In his farewell address Washington said political parties would enable “cunning, ambitious, and unprincipled men” to destroy democracy.
Gov. Chris Sununu echoed that sentiment in his 2019 inaugural address when he said New Hampshire must “rise above negativity and partisanship.”
(Of course, Democrats don’t see Sununu as a bipartisan leader. After the governor’s 2019 budget address, House Majority Leader Doug Ley said, “For a speech that was billed by him to be above partisanship, it was one of the most highly partisan budget speeches I've heard.”)
We’ve been hearing the warnings for over two centuries – is the partisan apocalypse nigh?
We decided to explore the hard data behind the issue and found that based on at least one measure of partisanship, the New Hampshire House of Representatives is getting more partisan, but the New Hampshire Senate is not. The Senate is also less partisan overall.
Measuring partisanship in NH
There are many different ways to measure partisanship and political polarization, but arguably the most well-known is the “party unity” measure from Congressional Quarterly. Party unity is the percentage of votes in each legislative session in which a majority of one party opposed a majority of the other party. This reflects how often legislators drew a sharp line in the sand based on party, with few legislators crossing party lines.

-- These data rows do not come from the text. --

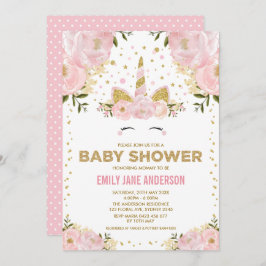 Hübsche Einhorn Girl Baby Dusche Pink Gold Floral Einladung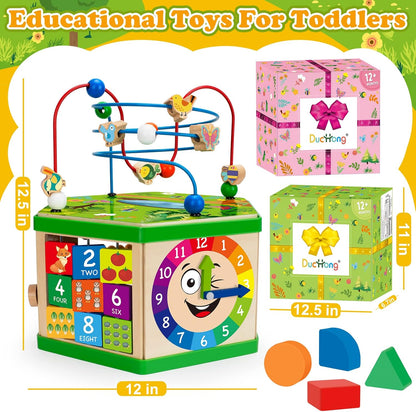 Wooden Activity Cube for 1 Year old, 12-18 Month Boys & Girls, 7-in-1 STEM Montessori Early Developmental Learning Toys for Kids Aged 1-2, Ideal 1st Birthday Gift Toys for Baby, Toddlers (Green)
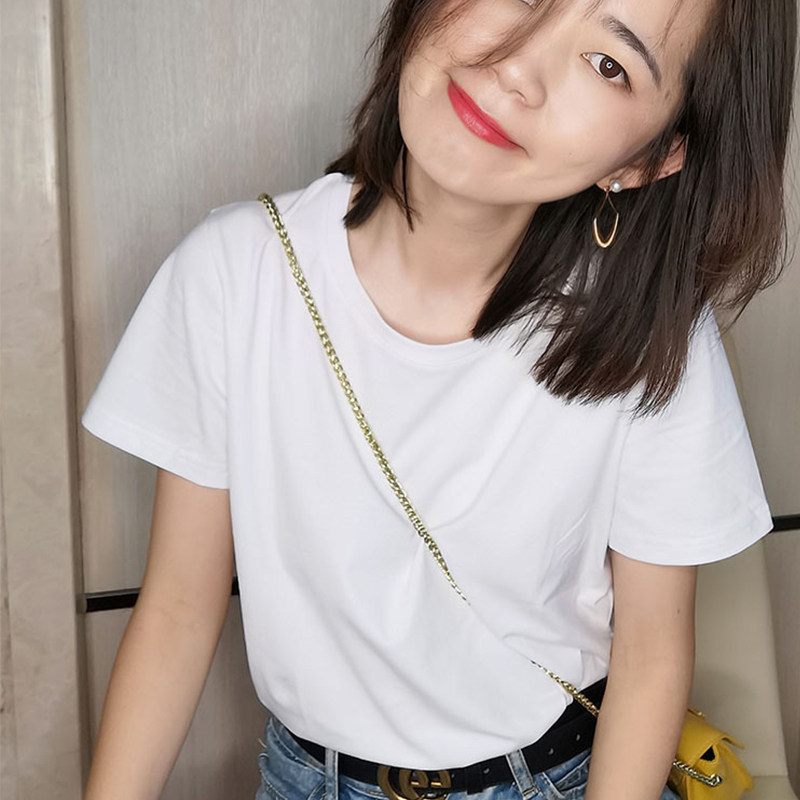 2026年新款经典流行色T恤纯色短袖纯棉宽松百搭春夏白色t恤女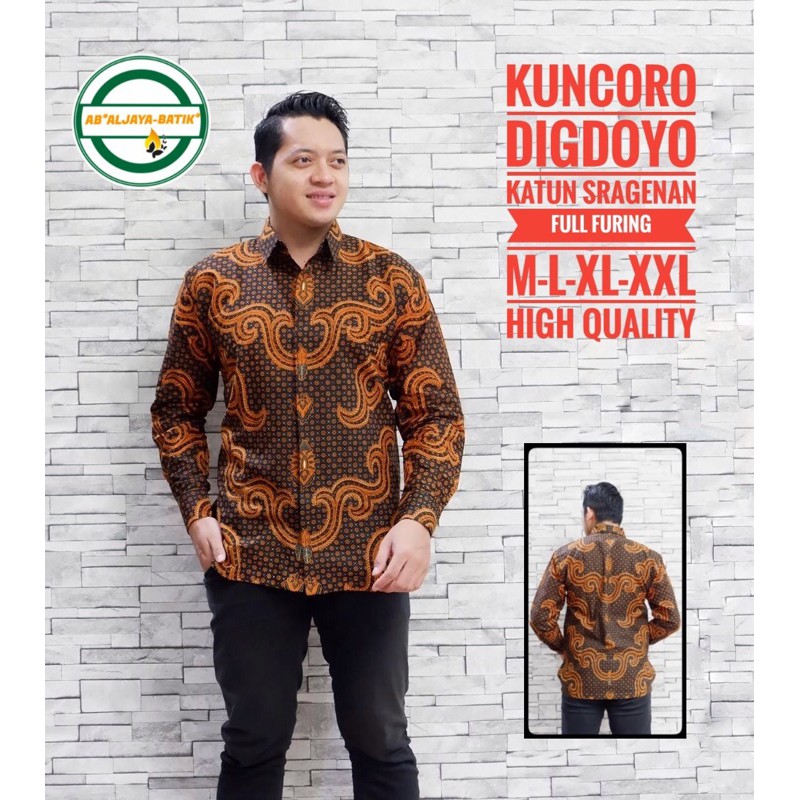 Kemeja Batik Pria Kuncoro Digdoyo Katun halus Sragenan Fullfuring asli keren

In the past twenty years, party unity has fluctuated in the New Hampshire House of Representatives and Senate, with some clear highs and lows.
So far in 2019 (through April 4), House party unity is at twenty-year high (88%). Party unity was lowest in 2004 (61%). A linear trendline shows partisanship is increasing in the House over time, although it was on a downward trend from 2014 through 2017.
During the same twenty year time period, Senate party unity has stayed roughly level. Party unity was lowest in 2010 (52%) and highest in 2011 (73%). In 2019 Senate party unity is 65% so far.
What influences partisanship in NH?
There are dozens of factors that likely influence partisanship in the New Hampshire House and Senate. Without controlling for those factors, it’s impossible to reach a firm conclusion as to what is making the New Hampshire House more partisan and keeping the Senate on an even keel.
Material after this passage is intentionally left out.